Adobe Creative Suite
photoshop, illustrator, indesign, acrobat, flash, dreamweaver...
Version: 4.0
WASH ME
Feedback Type: Review
Contributed by: pginc Tuesday, June 26 2007 @ 11:26 PM PDT
Product Platform: MacOSX
Used Product For: 1-6 months
Recommend Product: NO
If I had to sum up CS3 in one word it would be "Tired." Very, very tired. And I'd trace it with the tip of my finger into the thick filth layering their tired windows if it were possible. If it weren't for the Intel upgrade I'd sit out Adobe CS upgrades for a decade or more. And during those 10 years I'd be crossing my fingers that alternatives developed by a company with vision would become available. Photoshop is the industry standard simply because no one seems to have the unique combination of gusto, innovation and understanding of the problem domain.
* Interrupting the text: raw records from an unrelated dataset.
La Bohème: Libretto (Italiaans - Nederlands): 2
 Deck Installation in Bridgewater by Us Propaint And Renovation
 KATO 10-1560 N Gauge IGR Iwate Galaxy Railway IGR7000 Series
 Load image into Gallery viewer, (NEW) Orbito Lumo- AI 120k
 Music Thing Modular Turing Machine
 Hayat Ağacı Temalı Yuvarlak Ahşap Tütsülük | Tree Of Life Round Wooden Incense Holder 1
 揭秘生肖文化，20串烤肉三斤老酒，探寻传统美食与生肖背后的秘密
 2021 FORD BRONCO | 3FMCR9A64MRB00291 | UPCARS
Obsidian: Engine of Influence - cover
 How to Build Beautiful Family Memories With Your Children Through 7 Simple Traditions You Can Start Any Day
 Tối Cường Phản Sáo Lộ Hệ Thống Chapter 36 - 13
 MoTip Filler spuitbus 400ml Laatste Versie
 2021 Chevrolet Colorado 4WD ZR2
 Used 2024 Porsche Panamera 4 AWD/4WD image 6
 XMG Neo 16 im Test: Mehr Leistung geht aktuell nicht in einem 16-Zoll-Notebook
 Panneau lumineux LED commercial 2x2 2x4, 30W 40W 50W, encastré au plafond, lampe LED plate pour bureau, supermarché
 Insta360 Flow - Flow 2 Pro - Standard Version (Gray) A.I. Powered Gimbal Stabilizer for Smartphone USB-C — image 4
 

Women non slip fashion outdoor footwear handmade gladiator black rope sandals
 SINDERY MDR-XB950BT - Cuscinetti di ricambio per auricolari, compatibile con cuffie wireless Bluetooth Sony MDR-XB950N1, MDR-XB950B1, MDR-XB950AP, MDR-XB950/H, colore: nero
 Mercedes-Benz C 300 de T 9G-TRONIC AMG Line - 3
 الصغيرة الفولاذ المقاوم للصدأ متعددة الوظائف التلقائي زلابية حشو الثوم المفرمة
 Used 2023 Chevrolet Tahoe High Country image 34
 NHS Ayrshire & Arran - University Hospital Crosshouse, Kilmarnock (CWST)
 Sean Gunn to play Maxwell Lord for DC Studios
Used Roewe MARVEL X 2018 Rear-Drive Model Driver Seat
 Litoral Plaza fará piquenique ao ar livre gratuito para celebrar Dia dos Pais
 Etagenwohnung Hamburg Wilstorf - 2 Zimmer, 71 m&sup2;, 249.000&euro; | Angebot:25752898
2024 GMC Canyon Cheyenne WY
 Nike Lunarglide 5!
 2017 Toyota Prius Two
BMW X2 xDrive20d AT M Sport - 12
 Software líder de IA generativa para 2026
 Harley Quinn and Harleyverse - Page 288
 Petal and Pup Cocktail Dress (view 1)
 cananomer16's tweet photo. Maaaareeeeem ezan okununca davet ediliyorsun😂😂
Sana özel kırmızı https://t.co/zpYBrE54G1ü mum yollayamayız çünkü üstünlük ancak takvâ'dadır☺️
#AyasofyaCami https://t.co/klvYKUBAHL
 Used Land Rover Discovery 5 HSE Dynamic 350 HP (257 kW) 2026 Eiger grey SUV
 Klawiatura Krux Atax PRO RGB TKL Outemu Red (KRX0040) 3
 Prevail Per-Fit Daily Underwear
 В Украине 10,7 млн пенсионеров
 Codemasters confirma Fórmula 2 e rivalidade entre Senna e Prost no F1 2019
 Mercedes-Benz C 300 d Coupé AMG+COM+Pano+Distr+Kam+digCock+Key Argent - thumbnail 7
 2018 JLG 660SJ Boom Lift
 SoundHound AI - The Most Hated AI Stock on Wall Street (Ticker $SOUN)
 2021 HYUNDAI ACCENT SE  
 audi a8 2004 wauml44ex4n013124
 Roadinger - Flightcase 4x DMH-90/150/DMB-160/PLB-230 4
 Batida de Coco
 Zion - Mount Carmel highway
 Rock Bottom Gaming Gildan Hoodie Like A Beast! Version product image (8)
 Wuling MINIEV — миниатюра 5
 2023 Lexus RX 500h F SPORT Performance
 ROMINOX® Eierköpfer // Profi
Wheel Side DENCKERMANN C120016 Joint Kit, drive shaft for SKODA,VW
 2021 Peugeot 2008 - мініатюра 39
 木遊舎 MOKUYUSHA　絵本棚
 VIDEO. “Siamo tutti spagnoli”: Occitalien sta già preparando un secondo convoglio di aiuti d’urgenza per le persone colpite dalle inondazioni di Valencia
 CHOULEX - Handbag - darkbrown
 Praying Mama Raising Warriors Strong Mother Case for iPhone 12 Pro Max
Like Microsoft, Adobe seems to be satisfied operating 3-5 years behind the curve. Of course their complacency would be short lived if customers would actually demand the high level of quality reflected by the prices but not by the product.
I'm not sure when it happened but at some point Adobe's mission evolved to encompass product overextension (my god how many bloated apps can you break your base apps into!?), feature creep ,and a narcissism that demands that all of their solutions be large and in your face, that their means should supplant the users goal as the end.
I can't stand using Dreamweaver any more, it feels so bulky, cluttered, slow and above all ugly. Even with Intel Macs, loaded to the hilt, workflow consistently reveals that apps like Maya, Motion, Logic Pro, modo, Poser, C4D, etc., absolutely trump all the CS3 applications in overall performance. It has become customary around here to start Illustrator or InDesign right before going to lunch or going home in the hopes that they'll be finished booting upon returning. I wish I was joking, but I'm not. In five minutes Dreamweaver will toss more beachballs around the screen than Daytona Beach would see during all of Spring Break. All Adobe products (and unfortunately now Macromedia to) have come to feel like Windows apps. I suppose that can be attributed to the bottom-line undertow that has made Adobe the dancing monkey to the market shares meow, which happens to be the Ford Tempo drivers of the PC World: the WIndows base. In other words, as focus determines reality, it's not hard to see why CS3 feels like Win95.
What's fun is that independent Mac developers are continuously pumping out very powerful, sleek and attractive developer tools that outclass the likes of DW almost across the board! While Adobe has crucified themselves to the cross of convention, the little guys are thinking outside the box and streamlining digitial workflows in new ways that make much more sense now that the need for 100% metaphor has past.
Adobe, once possibly a shining star, has begun to expose it's event horizon, a telltale sign of the current quality collapse which is greatly underway. While the droves of expectation impoverished will fiscally keep Adobe alive, product quality has much more than one foot in the grave.